I needed this service for my own books. So I just built it. Dogfooding is what I recommend to Bootstrapper’s anyway, so I am my first customer.

It’s highly reliable (it’s a 301 forwarding system after all) and very cheap to host.

You can find this at https://permanent.link

epc · on April 6, 2021

I tried to do this when I blogged with MovableType and it’s a fool’s errand. You end up needing to cache all of the links somewhere and revalidate them periodically. But it's not enough to check for a 200 or 304 because the site could do a redesign and move the content around, the domain could expire, an RTBF demand could be served, etc. So you need to validate the content in some way to ensure you're still linking to what you more or less intended to in the past.

So, yeah, then you end up linking to the archive.org page (and if it's not there you could submit it to archive.org for archiving). For a time archive.org delisted pages if the current robots.txt blocked access (even if the page was archived a decade ago), I can't verify if this is still the case.

A really poorly quick scan of ~400 links from my decaying blog shows about 40% either do not resolve at all or return content from a link farm (another 30-40% appear to redirect to https versions of the site, but I didn't check further to see if the content was what was intended).

lgats · on April 7, 2021

The Wordpress plugin “broken link checker” has really helped me reduce link rot.

It provides a list of broken and a list of redirected links. I first ‘fixed’ the redirects to ensure I wasn’t redirecting to content that had been replaced or turned to a link farm. For fixing the broken links, I found many links were available via archive.org and swapping them out was a two click breeze. For the non-archived pages, I often found the new URL for the same resource by Google searching the link.

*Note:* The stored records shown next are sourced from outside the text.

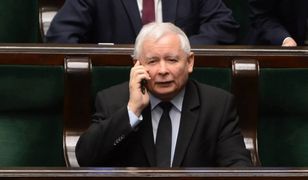 Jarosław Kaczyński chciał dla niego 50 tys. zł? Kim jest ks. Rafał Sawicz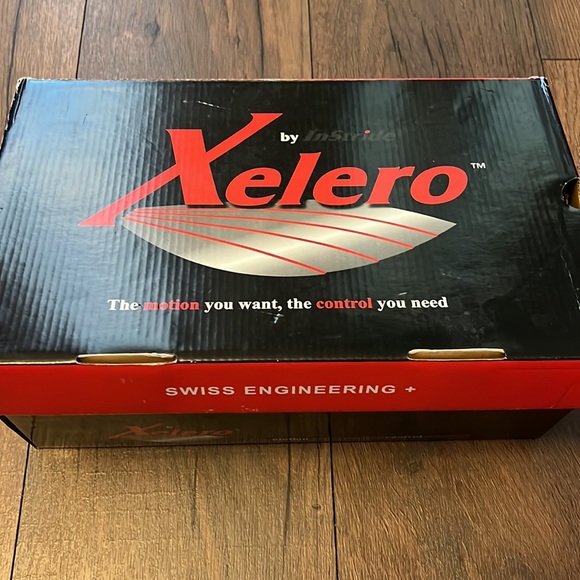 Xelero Athena woman’s tennis shoe 8.5 brown - Picture 9 of 9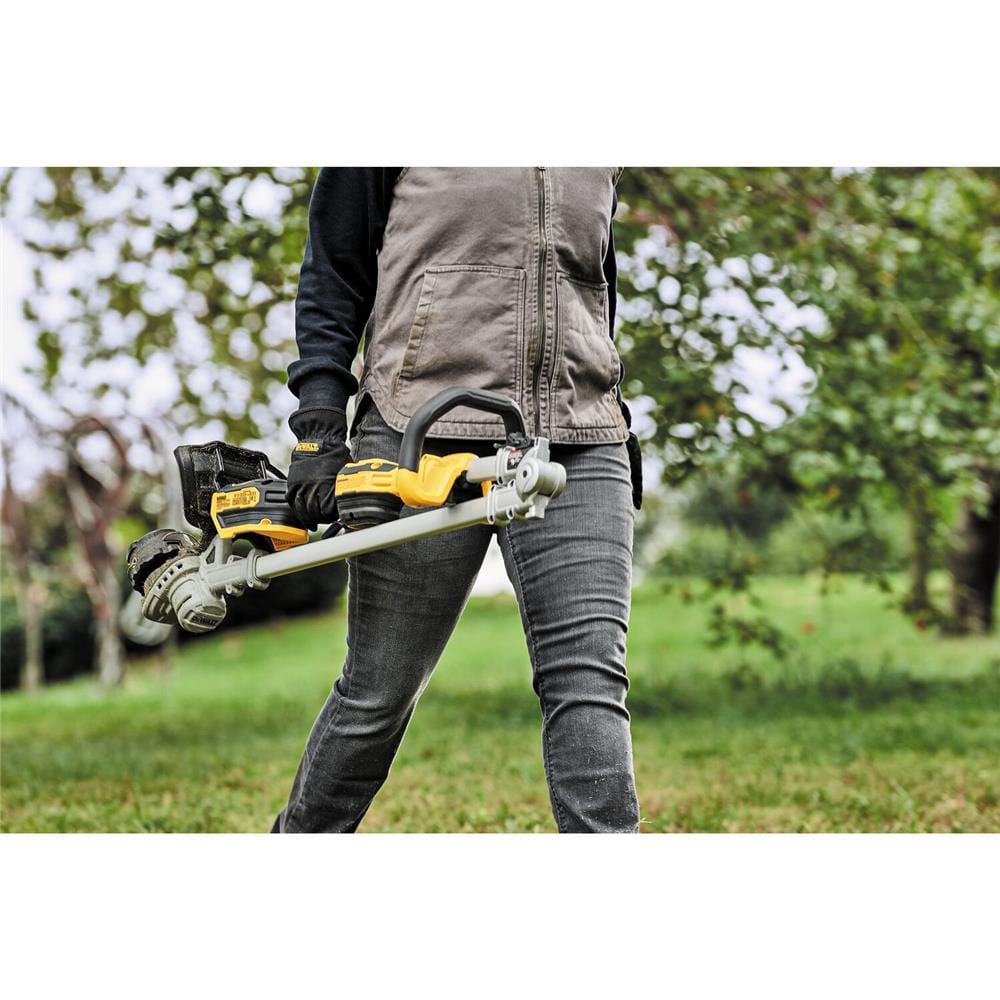 เครื่องเล็มหญ้าไร้สาย (พร้อมแบตเตอรี่) DEWALT DCMST561P1 18 โวลต์ 5.0AH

My only request would be a feature to archive all outgoing links

https://wordpress.org/plugins/broken-link-checker/

mjgs · on April 7, 2021

It would be cool if there was a javascript library that replaced broken links with Internet Archive version of the page if it exists.

I guess it’s more complicated than just that because you’d have to take into account the date the page was originally linked to to get the closest match but should be doable.

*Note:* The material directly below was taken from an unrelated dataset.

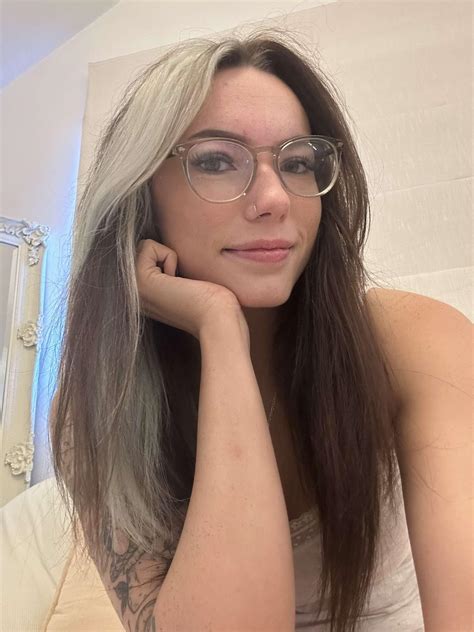 F22 first ever post here, so what’s your first impression of me? : r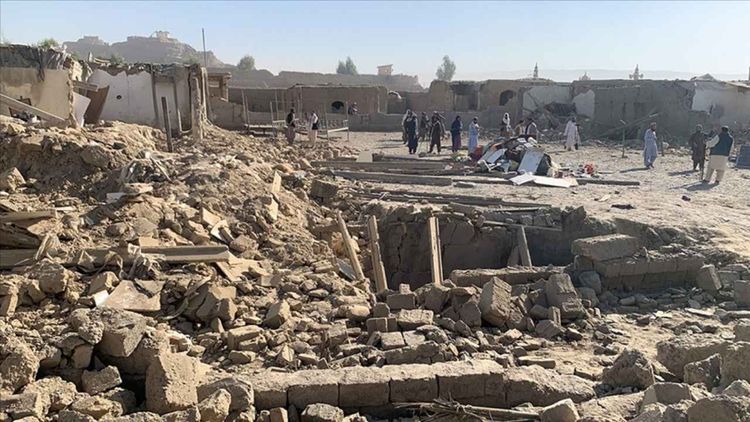 Pakistan Afganistan'ı bombaladı: 4 sivil öldü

There might very well be reasons this isn’t a good idea, it’s just something that occurred to me might be useful since I have a lot of old links and no doubt many of them are broken now.

lgats · on April 7, 2021

This would not work for most links due to cross origin restrictions.

You would also end up sending the validation request for every client page view

mjgs · on April 7, 2021

I was thinking that a service worker could be used:

https://bitsofco.de/web-workers-vs-service-workers-vs-workle...

If the url returns a 404, check the internet archive, if it’s there then return that otherwise return a 404.

If CORS is an issue just proxy the requests via the server that is serving the website.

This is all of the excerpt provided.